- [Data under study]:
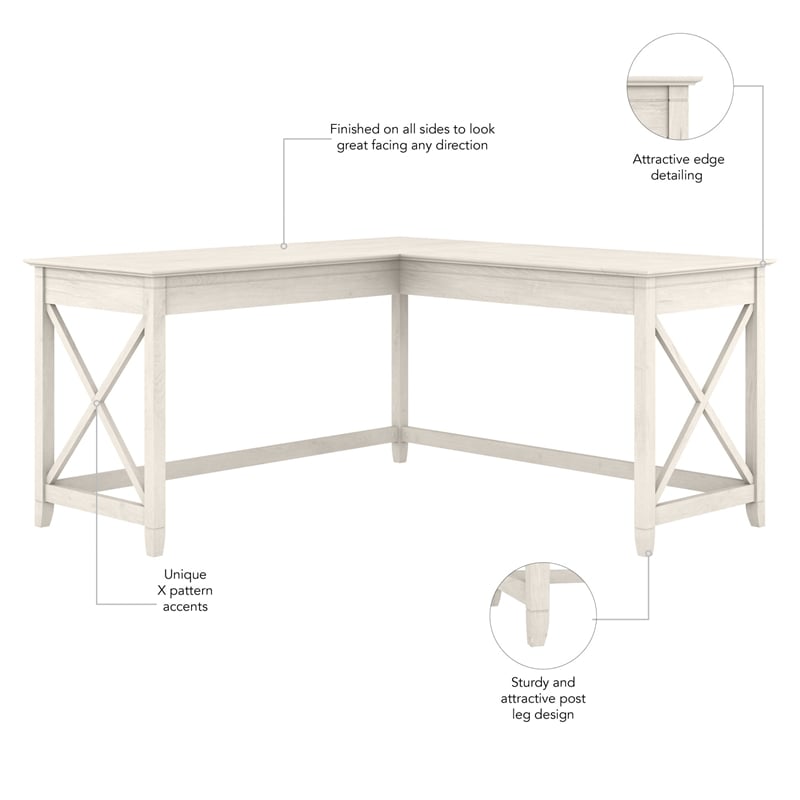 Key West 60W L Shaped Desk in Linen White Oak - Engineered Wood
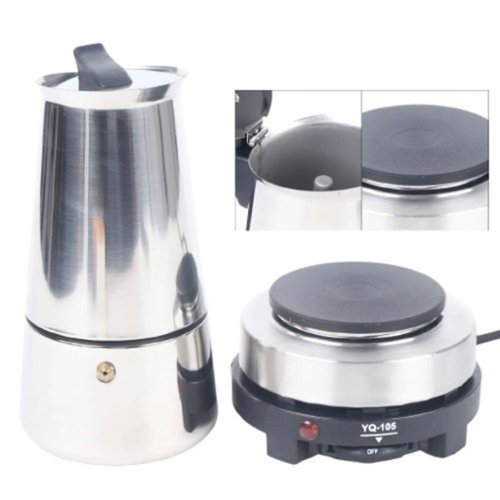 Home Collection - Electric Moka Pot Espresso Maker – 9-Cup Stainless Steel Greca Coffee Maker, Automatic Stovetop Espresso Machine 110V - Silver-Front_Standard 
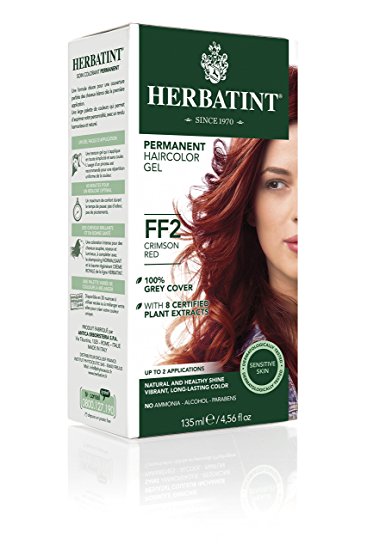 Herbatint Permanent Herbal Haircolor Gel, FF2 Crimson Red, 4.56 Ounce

==

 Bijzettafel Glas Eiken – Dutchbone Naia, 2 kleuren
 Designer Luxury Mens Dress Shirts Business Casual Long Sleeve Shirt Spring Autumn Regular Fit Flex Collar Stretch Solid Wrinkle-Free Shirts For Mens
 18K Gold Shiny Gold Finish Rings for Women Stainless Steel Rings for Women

- [Work required]: Would you copy, word for word, only the lines above from the one containing "Key West 60W" through the one containing "Herbatint Permanent Herbal", both included, and please leave out the pictures?

- [Answer section]:
 Key West 60W L Shaped Desk in Linen White Oak - Engineered Wood
 Home Collection - Electric Moka Pot Espresso Maker – 9-Cup Stainless Steel Greca Coffee Maker, Automatic Stovetop Espresso Machine 110V - Silver-Front_Standard 
 Herbatint Permanent Herbal Haircolor Gel, FF2 Crimson Red, 4.56 Ounce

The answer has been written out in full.